WHAT YOU WILL DO
Transcribe the entries below exactly; leave every image out.

DATA PROVIDED
•••••

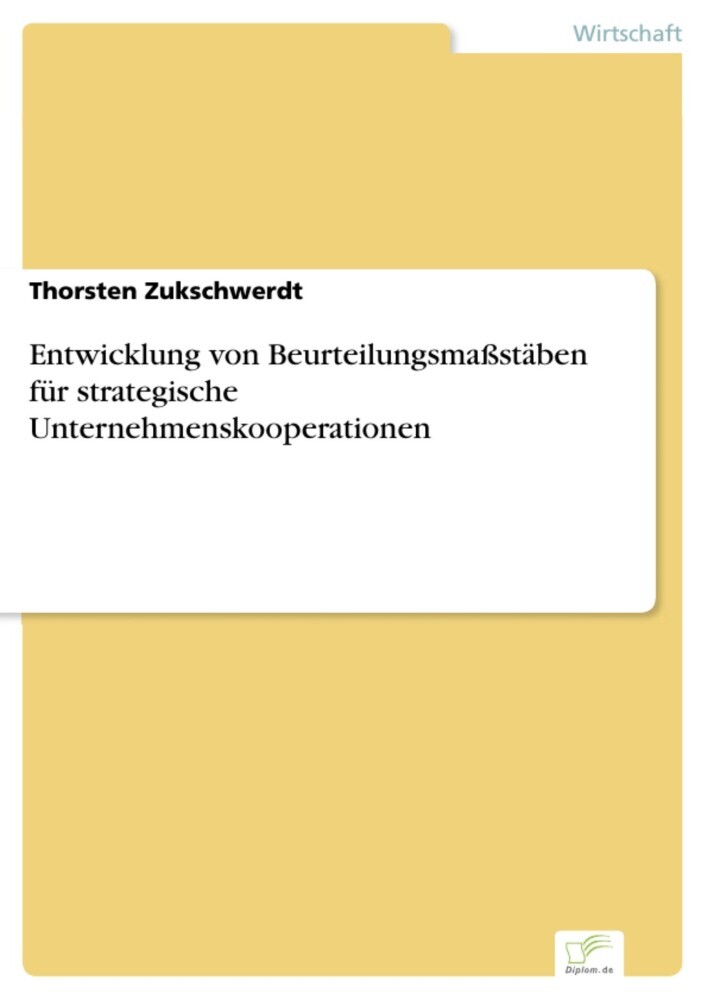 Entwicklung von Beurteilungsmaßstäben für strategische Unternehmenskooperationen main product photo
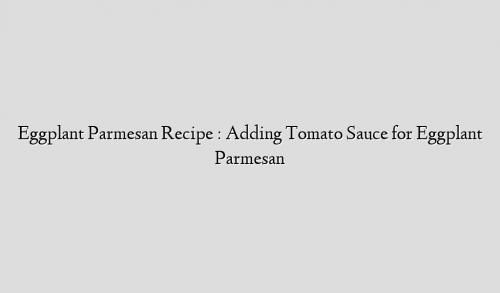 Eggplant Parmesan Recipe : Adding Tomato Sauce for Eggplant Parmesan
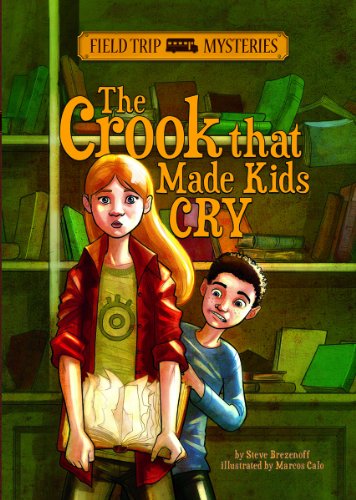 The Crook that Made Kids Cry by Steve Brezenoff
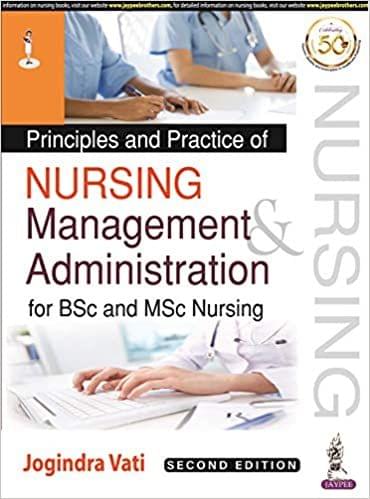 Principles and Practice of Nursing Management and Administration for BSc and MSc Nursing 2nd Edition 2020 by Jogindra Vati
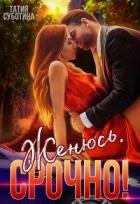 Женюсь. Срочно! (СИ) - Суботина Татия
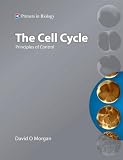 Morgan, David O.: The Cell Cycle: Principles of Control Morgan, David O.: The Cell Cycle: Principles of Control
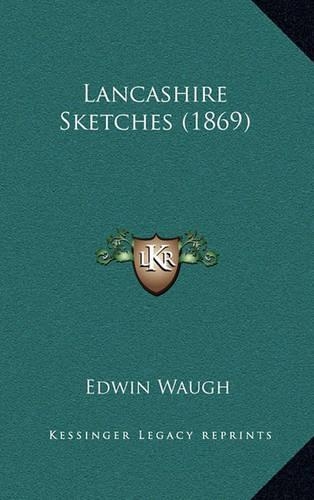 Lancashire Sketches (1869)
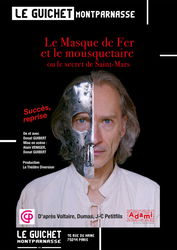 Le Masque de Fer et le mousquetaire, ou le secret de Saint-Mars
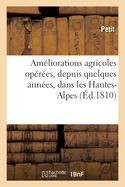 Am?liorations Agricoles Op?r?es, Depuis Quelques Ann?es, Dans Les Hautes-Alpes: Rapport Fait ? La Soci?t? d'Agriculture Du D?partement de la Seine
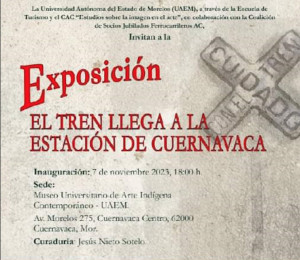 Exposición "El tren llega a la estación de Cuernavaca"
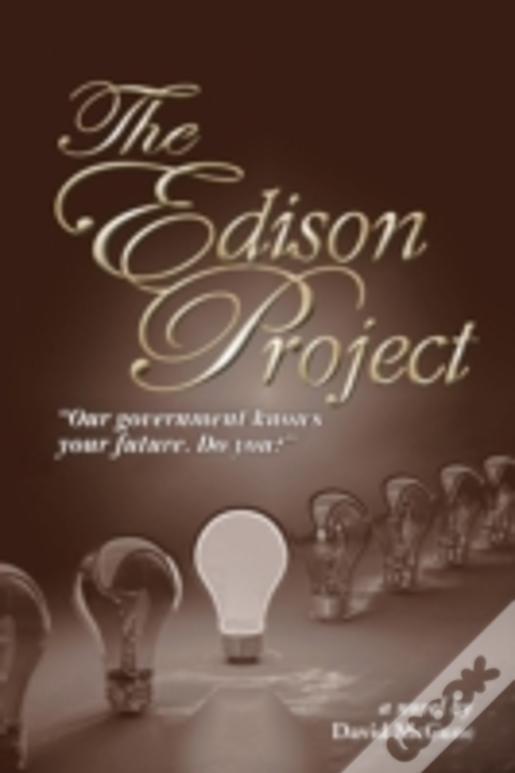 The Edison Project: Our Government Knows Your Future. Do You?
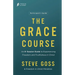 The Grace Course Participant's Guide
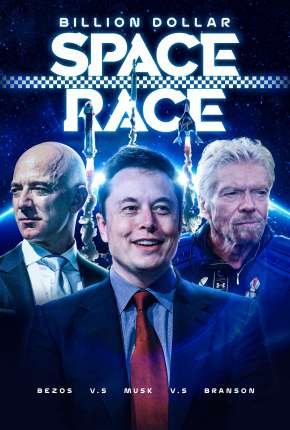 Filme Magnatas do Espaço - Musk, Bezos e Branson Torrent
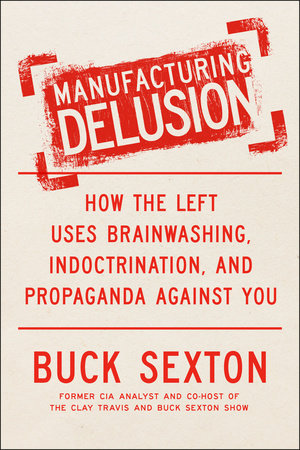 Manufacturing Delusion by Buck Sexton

•••••

COMPLETED EXERCISE
 Entwicklung von Beurteilungsmaßstäben für strategische Unternehmenskooperationen main product photo
 Eggplant Parmesan Recipe : Adding Tomato Sauce for Eggplant Parmesan
 The Crook that Made Kids Cry by Steve Brezenoff
 Principles and Practice of Nursing Management and Administration for BSc and MSc Nursing 2nd Edition 2020 by Jogindra Vati
 Женюсь. Срочно! (СИ) - Суботина Татия
 Morgan, David O.: The Cell Cycle: Principles of Control Morgan, David O.: The Cell Cycle: Principles of Control
 Lancashire Sketches (1869)
 Le Masque de Fer et le mousquetaire, ou le secret de Saint-Mars
 Am?liorations Agricoles Op?r?es, Depuis Quelques Ann?es, Dans Les Hautes-Alpes: Rapport Fait ? La Soci?t? d'Agriculture Du D?partement de la Seine
 Exposición "El tren llega a la estación de Cuernavaca"
 The Edison Project: Our Government Knows Your Future. Do You?
 The Grace Course Participant's Guide
 Filme Magnatas do Espaço - Musk, Bezos e Branson Torrent
 Manufacturing Delusion by Buck Sexton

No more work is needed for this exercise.